14 「ユーベ!」は乾杯の掛け声らしい

 掛け湯用の瓶の横には小さな木の台があり、その上に壺が置かれていた。

 木製の柄のような、細長い棒がそこから飛び出ている。


 エベリ婆さんが浴室を出て行った後、服を脱いだ俺はその棒を壺から引き上げてみた。

 棒の先はスプーン状になっていて、艶のある白濁の液体がとろりと滴り落ちる。


 匂いを嗅いでみたところ、何とも言えない爽やかな花の香りがした。

 これはボディソープっぽいな。一種類しかないところを見ると、髪や顔も全身これで洗えということか。


 借りたタオル(といっても木綿の布切れみたいなものだが)に試しに垂らして揉んでみたら、面白いくらいに泡が出てきた。

 それで全身を洗い、かめの湯で流すと、体を覆っていた膜が剥がれたみたいにすっきりとした。


 いい湯加減のバスタブに浸かり、「ふぃ~……」と思わず声が漏れる。


 あー、生き返るなー。

 やっぱ風呂は最高だ。

 中世ヨーロッパ並の文化水準だと思ってたから風呂も期待はしてなかったが、魔法があるおかげで思ったほど不便はないかもしれない。


 ……そう言えば、エベリさんが言ってたな。

「フレイモン」は、勇者養成学校で最初に習う魔法の呪文だって。

 ってことは、俺もそのうち魔法を使えるようになるんだろうか。


 魔法って他にどんな種類があって、どんなことができるんだろう。

 もしかして、元の世界に戻れる魔法なんかもあったりして……って、魔王を倒す前に元の世界に戻ったら、リーナを救うことはできないしなあ……。
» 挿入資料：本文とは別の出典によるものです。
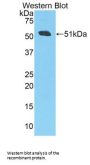 Amyloid Precursor Protein Antibody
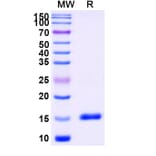SDS-PAGE - Anti-CD11a Nanobody [SAA1305] (A337849) - Antibodies.com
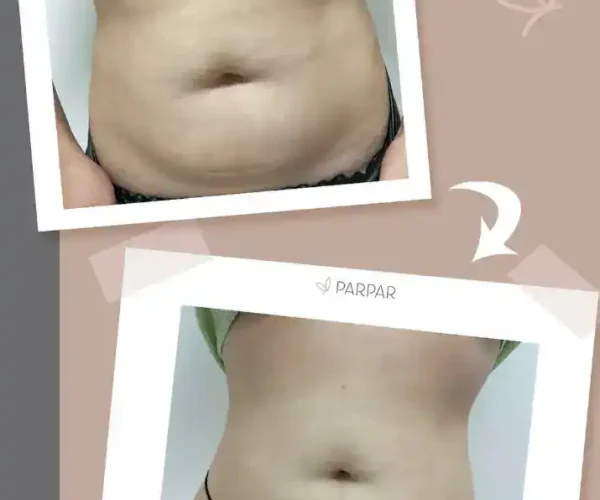 adominal muscle toning before and after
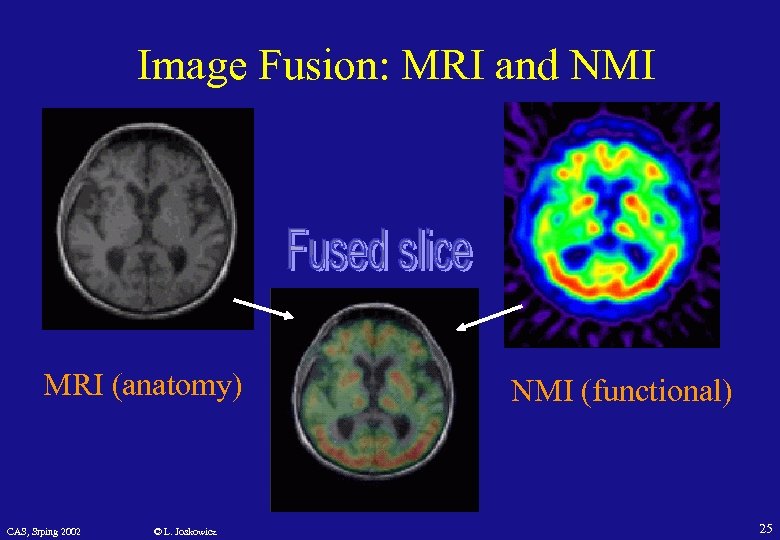 Image Fusion: MRI and NMI MRI (anatomy) CAS, Srping 2002 © L. Joskowicz NMI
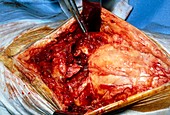 Surgery on ruptured quadriceps muscle of leg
 ……ってか、俺とおかんは、本当に救世主としてこの世界に飛ばされてきたんだろうか。

 そうだとしたら、もう元の世界に戻れる可能性はないのかな。

 あの交通事故で川に転落死したんだとしたら、俺たちの居場所はもうここしかないのかもしれない。


 ……なんてことをつらつら考えていたらのぼせてしまい、俺は少しふらつきながら体を拭いて着替えたのだった。



 ☆



 きれいさっぱり汚れを落とした体でベッドにダイブして、それからどのくらい眠っていたのかはよくわからない。


 ただ、リーナが夕食に俺を呼びに来た時には、窓の外はすっかり暗くなっていて、犬だか狼だかモンスターだかわからない遠吠えが小さく聞こえていた。


 風呂に入って身なりを整え、鋼の胴当てを外したリーナに、どきりと心臓が跳ねる。


 長くてまっすぐな銀髪は眩いばかりにサラサラと輝き、白い肌はより一層透明感を増したように見える。

 ショートパンツとロングブーツの組み合わせは相変わらずだが、胴当てを外したためにくびれたウエストやすらりとした美脚が否が応でも強調されていた。


 それらに比べると胸の膨らみの主張は控えめだが、俺は別に巨乳好きではないので敢えて問題にはするまい。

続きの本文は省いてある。